Roderic Dunnett on a new Coventry symbol

Together at the cross: the cope by Terry Duffy brings together a photomontage in which the sufferings of Coventry and Dresden are united with the cross

Together at the cross: the cope by Terry Duffy brings together a photomontage in which the sufferings of Coventry and Dresden are united with the cros...

THE Coventry Dresden Cope, designed by internationally known artist, Terry Duffy, was blessed and worn for the first time this Lent, by the Bishop of Coventry, Dr Christopher Cocksworth.

The new cope is a very special artwork. Using a novel method, it brings together images depicting the destruction of both cities, in such a way as to promote hope and unity, where there was formerly bitter division, between two communities that suffered terribly on opposing sides during the Second World War.

Special significance lies in its proclaiming, in English and German, the words that were inscribed by Provost Howard amid the ash of the bombed St Michael’s Cathedral: “Father forgive”: “Vater vergib”. Those words provided the inspiration for the spirit of reconciliation which the new Coventry Cathedral, itself a work of art, came to epitomise.

What is new is that photographic images of actual events of the war, directly reproduced on the garment by complex digital means rather than embroidered, are at the heart of Terry Duffy’s artwork.

Central to the artistic design, or photomontage, is a reproduction of the massive 14ft cross originally created by Duffy in 1981-83, proclaiming “Victim, no resurrection”, which was seen in England and as far away as Cape Town, where it symbolised the anniversary of the end of apartheid, and New York.

This new cope memorably depicts the brutal destruction of both Coventry and Dresden.
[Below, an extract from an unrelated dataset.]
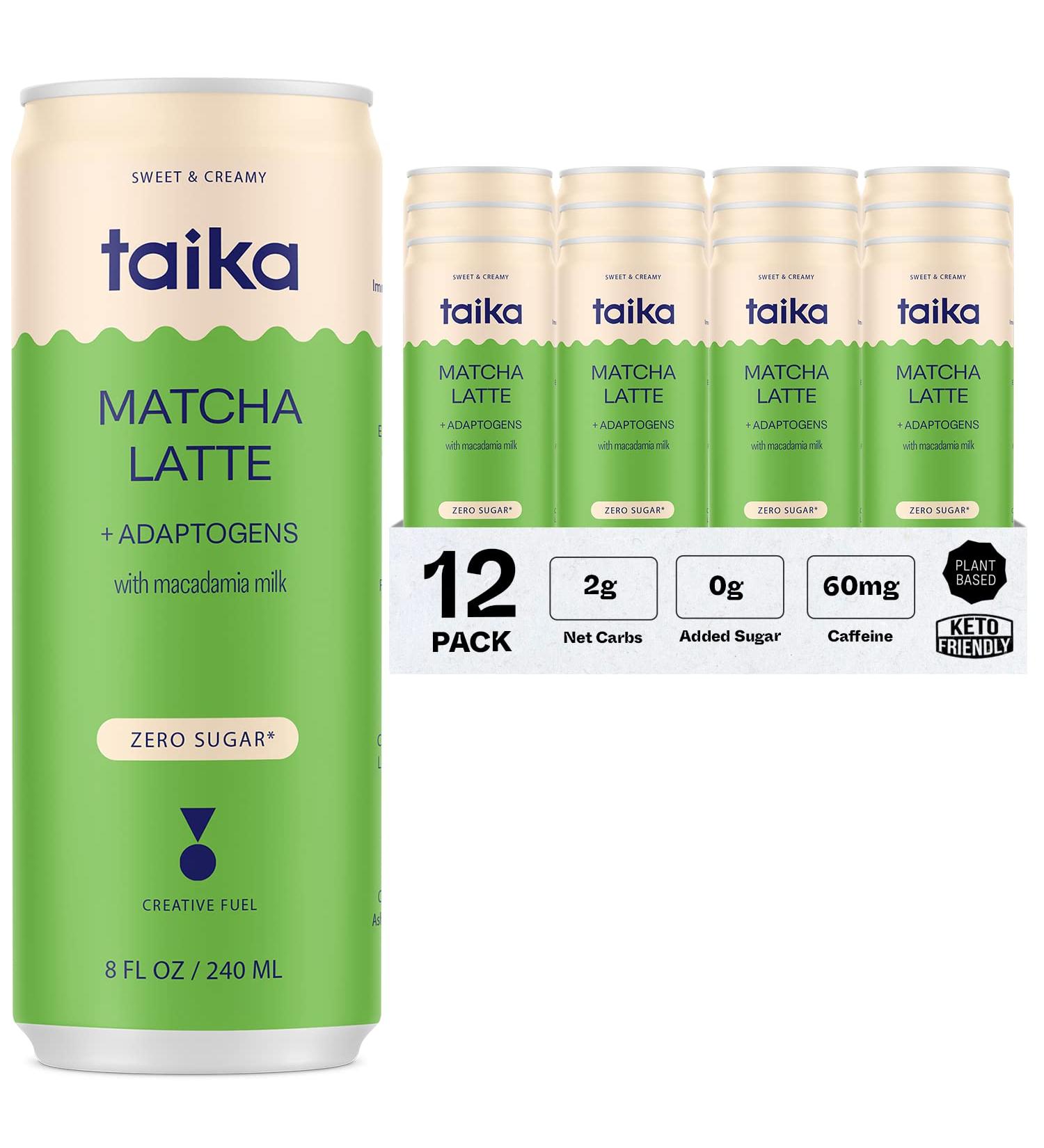 Taika Matcha Latte: Organic Ceremonial Grade Matcha, Ashwagandha, Lions Mane, Cordyceps, Reishi & L-Theanine - Ready to Drink Hot & Cold, 8 Fl Oz (Pack of 12) - Buy Online on GoSupps.com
On the left, it shows the visit by Winston Churchill to Coventry’s bombed-out cathedral, and, above that, the statue by Jacob Epstein of St Michael overcoming the devil, which is now sited close to the cathedral’s north-west door. On the right, Duffy depicts the ruins of Dresden, with a British bomber glowering overhead, and the doomed Frauenkirche or cathedral — then soon to collapse, but now wondrously restored — looming over the city.

One poignant detail below the cross shows a young German soldier assisting an old lady, father, and child. A commanding mother with child also features at top left, and at bottom right, the statue of Truth and Justice from Dresden Town Hall, which survived the bombing.

A large painting by Duffy, its predominant image evoking a blue cope, went on display in the Kreuzkirche in Dresden in 2015, the 70th anniversary of the bombing. This generated the idea that imagery of the Dresden and Coventry bombings might be projected on to an actual cope, to betoken the unifying of the two cities in past suffering, fresh hope, and phoenix-like resurgence.

The fabric used is silk and poplin, while the bold and striking background, as in the painting, is Coventry blue — amazingly, the artist says, it turned out there is such a colour.

”To me,” Duffy says, “it’s an important step forward in the democratisation of the Church. The Bishop wears the reality: the imagery of war is not merely implied but actually displayed. It pays homage to a centuries-old tradition, but by employing entirely new means.”